Book Beginnings: The War on the West

 Linking up with Rose City Reader's weekly Book Beginnings

The War on the West: How to Prevail in the Age of Unreason by Douglas Murray (2022)




"In recent years it has become clear that there is a war going on: a war on the West. This is not like earlier wars, where armies clash and victors are declared. It is a cultural war, and it is being waged remorselessly against all the roots of the Western tradition and against everything good that the Western tradition has produced.''

Murray, a British author and journalist, describes “Western” societies as European countries or countries descended from European civilization. He wrote this book to address the one-sided view of the West that has come from ‘politicians, academics, historians, and activists who are saying things that are not simply incorrect or injudicious but flat-out false.’

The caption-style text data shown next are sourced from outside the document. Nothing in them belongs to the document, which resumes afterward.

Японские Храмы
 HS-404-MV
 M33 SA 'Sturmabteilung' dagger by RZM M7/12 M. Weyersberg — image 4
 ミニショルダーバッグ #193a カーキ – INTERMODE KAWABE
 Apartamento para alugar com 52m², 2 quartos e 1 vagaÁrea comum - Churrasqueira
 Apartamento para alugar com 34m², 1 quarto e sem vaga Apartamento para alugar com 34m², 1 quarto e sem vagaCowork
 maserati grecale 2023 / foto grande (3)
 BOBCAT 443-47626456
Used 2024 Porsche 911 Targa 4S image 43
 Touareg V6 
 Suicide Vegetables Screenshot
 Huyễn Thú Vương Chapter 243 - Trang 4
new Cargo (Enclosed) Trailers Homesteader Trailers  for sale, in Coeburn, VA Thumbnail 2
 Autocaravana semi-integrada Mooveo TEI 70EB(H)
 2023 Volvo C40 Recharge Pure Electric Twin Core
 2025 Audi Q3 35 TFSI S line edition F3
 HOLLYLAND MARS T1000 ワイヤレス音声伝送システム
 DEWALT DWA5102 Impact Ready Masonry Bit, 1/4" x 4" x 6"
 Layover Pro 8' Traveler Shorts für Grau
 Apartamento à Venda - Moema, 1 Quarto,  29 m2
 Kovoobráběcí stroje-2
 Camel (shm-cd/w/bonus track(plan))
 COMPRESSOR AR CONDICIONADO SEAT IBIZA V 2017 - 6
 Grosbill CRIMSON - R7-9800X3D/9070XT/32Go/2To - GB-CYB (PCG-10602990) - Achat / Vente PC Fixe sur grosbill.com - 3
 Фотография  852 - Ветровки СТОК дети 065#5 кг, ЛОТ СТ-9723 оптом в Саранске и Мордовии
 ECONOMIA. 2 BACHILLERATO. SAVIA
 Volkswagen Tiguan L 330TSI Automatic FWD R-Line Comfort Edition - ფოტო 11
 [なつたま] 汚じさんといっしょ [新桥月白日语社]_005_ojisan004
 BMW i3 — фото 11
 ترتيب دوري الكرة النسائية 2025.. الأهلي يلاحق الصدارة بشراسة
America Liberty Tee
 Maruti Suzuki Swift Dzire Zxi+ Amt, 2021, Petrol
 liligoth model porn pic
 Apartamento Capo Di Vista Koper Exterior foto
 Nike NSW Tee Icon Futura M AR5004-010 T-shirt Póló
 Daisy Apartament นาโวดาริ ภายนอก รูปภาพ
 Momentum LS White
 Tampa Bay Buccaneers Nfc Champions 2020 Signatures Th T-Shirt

''In order to be able to judge the West, you would have to know at least some of the history of the rest. The only thing modern western populations are more ignorant about than their own history is the history of other people outside the West. Yet such knowledge is surely a prerequisite to being able to arrive at any moral judgements.”

The author sites a poll of young British people carried out in 2016 that found that 50% had never heard of Lenin and 70% had no idea who Mao was. 41% of 16- to 24-year-olds who had grown up after the fall of the Berlin Wall had positive feelings about socialism, while 28% felt the same sentiments about capitalism:

“One possible reason for this is that 68 percent said they had never learned anything in school about the Russian Revolution.’’

From the back cover:

“If the history of humankind is one of slavery, conquest, prejudice, genocide and exploitation, why are only Western nations taking the blame for it?’’

I'm about a third of the way through this book and although the subject matter is heavy at times, the author is articulate and thoughtful. His thoughts on the dearth of historical knowledge, although not surprising, is alarming.